Pour les Développeurs

Code Informatique

The MIT-licensed code is available on GitHub. Technologies at play include Apache Spark to group occurrence records by raw entries in recordedBy and identifiedBy and to import into MySQL, Elasticsearch to aid in the searching of people names once parsed and cleaned, Redis to coordinate the processing queues, and Sinatra/ruby for the application layer.

Analyser les Noms

Ruby gem

A stand-alone ruby gem, dwc_agent may be used to parse people names and additionally score given names for structural similarity.
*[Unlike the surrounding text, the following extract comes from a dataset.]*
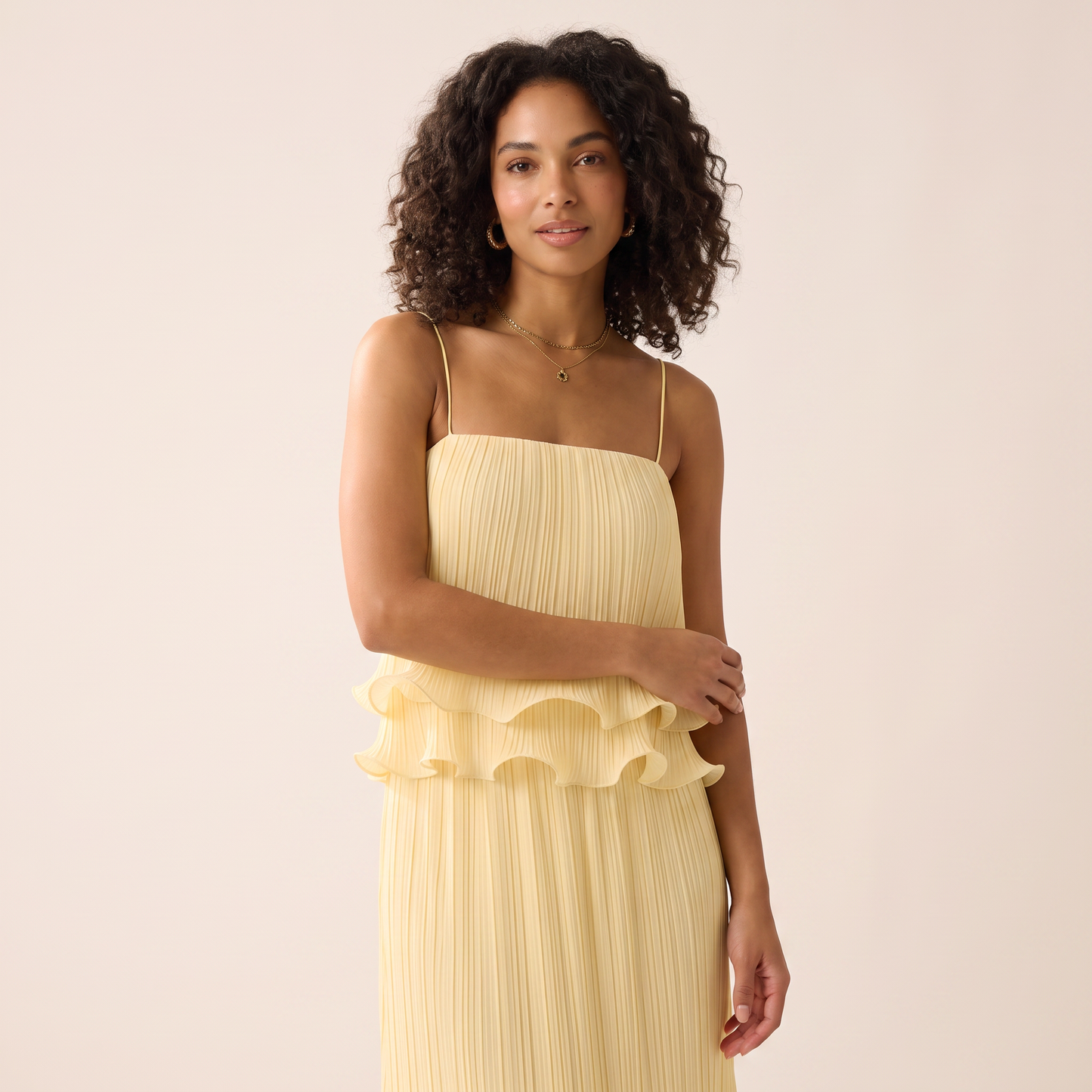 Solene geplooide set met top en lange rok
It also includes a command-line executable dwcagent that combines parsing and cleaning then produces JSON as output.

$ gem install dwc_agent
$ irb
> parsed = DwcAgent.parse "Lepschi BJ; Albrecht DE"
  => [#<Name family="BJ" given="Lepschi">, #<Name family="DE" given="Albrecht">]
> DwcAgent.clean parsed[0]
  => #<Name family="Lepschi" given="B.J.">
> DwcAgent.similarity_score "J.R.", "Jill R."
  => 2
$ dwcagent "Lepschi BJ; Albrecht DE"
[{"family":"Lepschi","given":"B.J.","suffix":null,"particle":null,"dropping_particle":null,"nick":null,"appellation":null,"title":null},{"family":"Albrecht","given":"D.E.","suffix":null,"particle":null,"dropping_particle":null,"nick":null,"appellation":null,"title":null}]